Ich bezeichne mich nicht als Fashion-Designerin, weil mir das technische Wissen fehlt, wenn es um Schnittkonstruktion geht. Wenn etwas perfekt ausgearbeitet sein soll, mit einer guten Fertigung, dann würde ich das nicht hinkriegen. Ich könnte zum Beispiel keinen Mantel mit Kragen nähen. Ich bin viel mehr aufs visuelle Arbeiten aus und möchte auch mehr in Richtung Creative Direction gehen. Ich arbeite gerade an Filmen, mag das Cutten und würde mich auch gerne wieder mehr in Richtung Musik bewegen.

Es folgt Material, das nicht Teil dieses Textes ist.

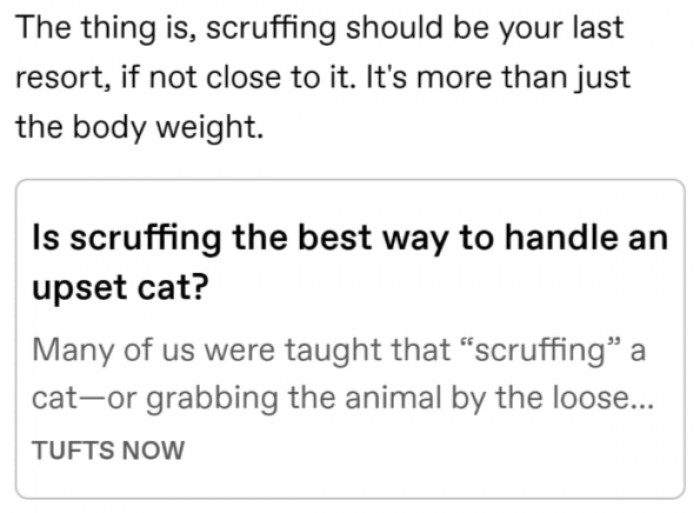 7. But it should be your last resort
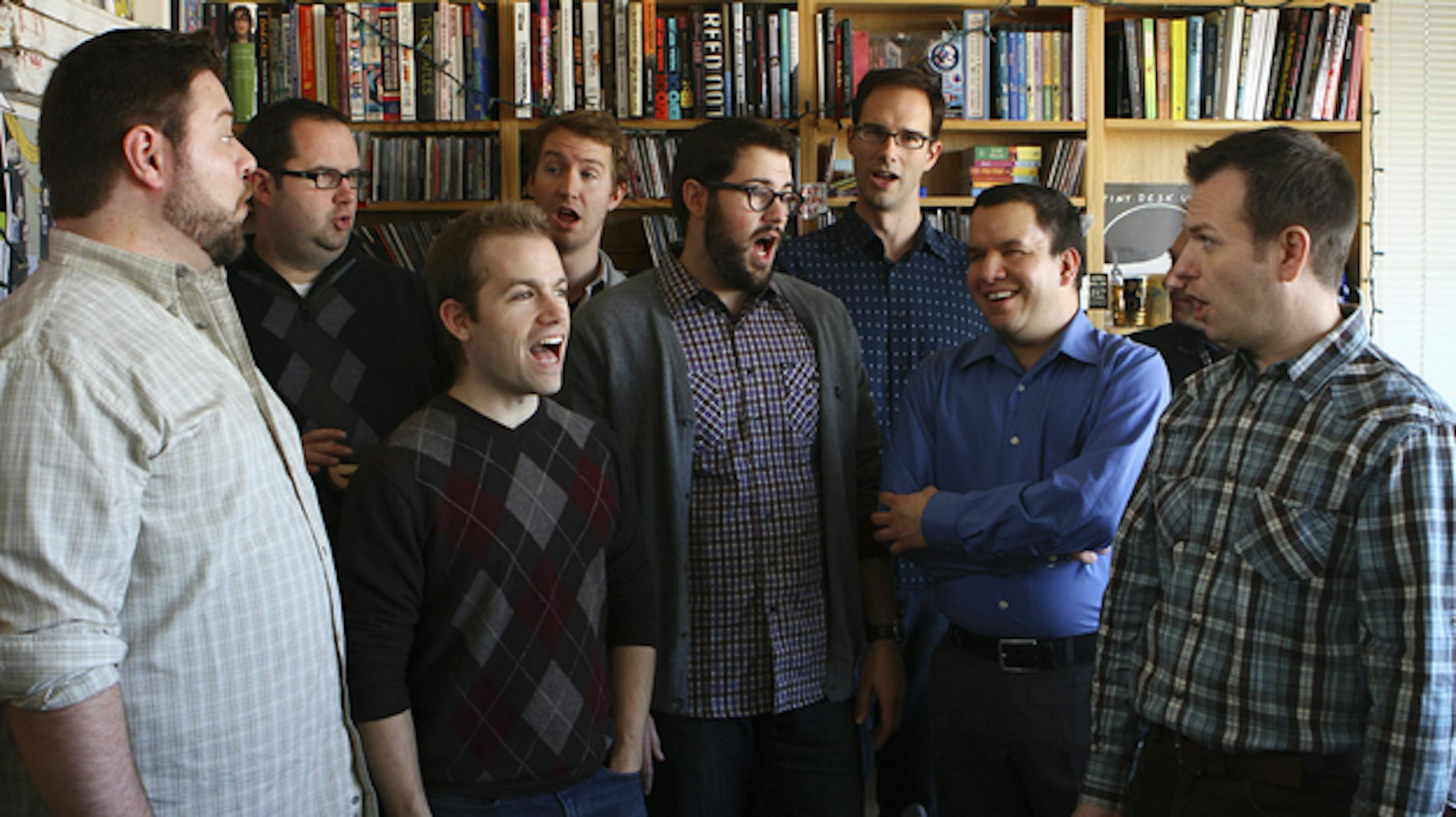 Cantus performs a Tiny Desk Concert on Dec. 3, 2012.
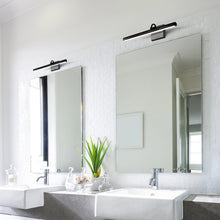 Load image into Gallery viewer, Integrated LED Bathroom Wall Lighting Fixture in Black

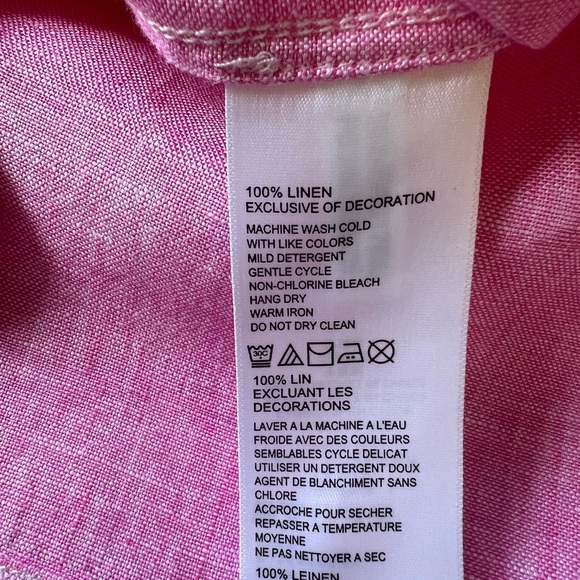 🌷 Tommy Bahama Sunset Linen Tunic - Picture 7 of 10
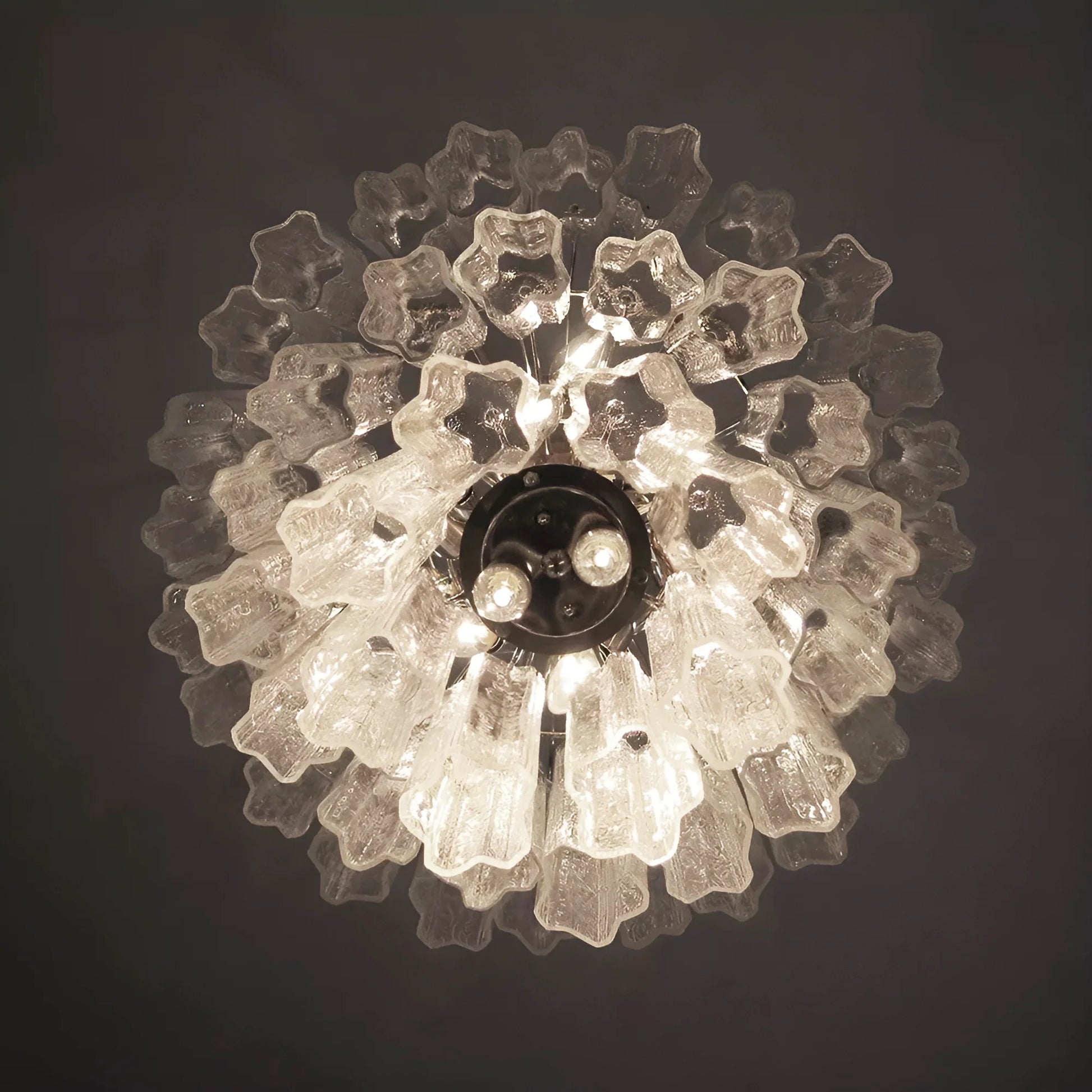 Elegant Transparent Murano Glass Tube Chandelier - Nuvé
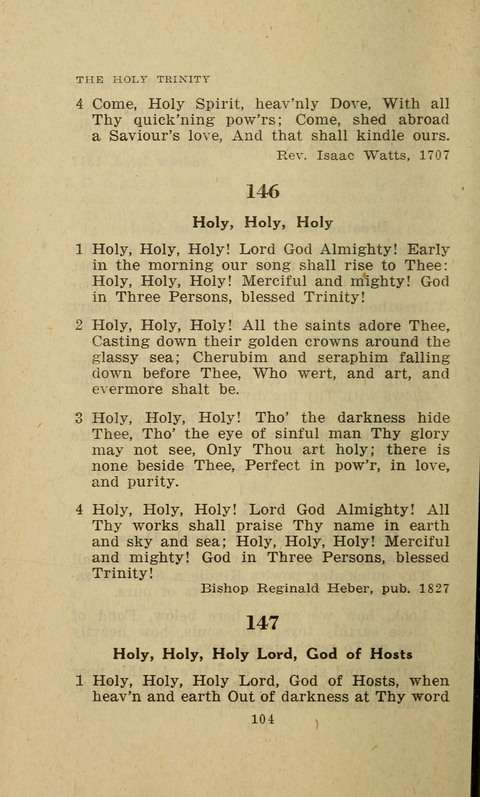 The Evangelical Hymnal. Text edition page 104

Mode ist das, worin ich mich am besten ausdrücken kann.
Ist Komfort überbewertet?
Komfort sollte gar nicht überbewertet sein! Meine Korsagen schmiegen sich der Brust an und sitzen gut. Sie sind tatsächlich praktisch, da die Schnürung erweitert werden kann, je nachdem wie groß der Busen ist. Nur einknicken kann man nicht. Wenn man Korsagen trägt, muss man Körperhaltung bewahren.
In meinen Augen sind die größten Fashion-Opfer diejenigen, die einem Trend nach dem anderen hinterherlaufen, aber nicht verstehen, was sie tragen. Bei den meisten ist Kleidung sowieso nur eine oberflächliche Fassade, aber wir sind ja auch zu diesem Umgang mit Mode manipuliert worden. Wir sind solche Konsumopfer; wir kaufen und kaufen und am Ende sind wir immer noch unerfüllt.
Was ist Deine Fashion-Utopie: Wie werden wir in 20 Jahren gekleidet sein?
Am liebsten wäre es mir, wenn sich jeder ein bisschen mit sich selbst beschäftigt und sich etwas Kleines, Schönes näht. Dafür braucht man keine Schneiderausbildung, man kann einfach darauflos nähen. Es muss nicht perfekt sein. Hauptsache, die Naht hält!
All Amin (25 Jahre) ist als Kind kurdischer Flüchtlinge in Nürnberg aufgewachsen, vor zwei Jahren zog sie nach Berlin. Sie studiert Mode und hat sich über ihren Instagram-Account @haramwithsugar mit ihren ausgefallenen Designs in der internationalen Modewelt etabliert. Ihre Stücke waren sogar schon in der VOGUE und Cosmopolitan zu sehen. Sie kollaboriert unter anderem mit der österreichischen Fotografin Maša Stanić und ist in der jungen deutschen Künstlerszene mittlerweile eine bekannte Persönlichkeit.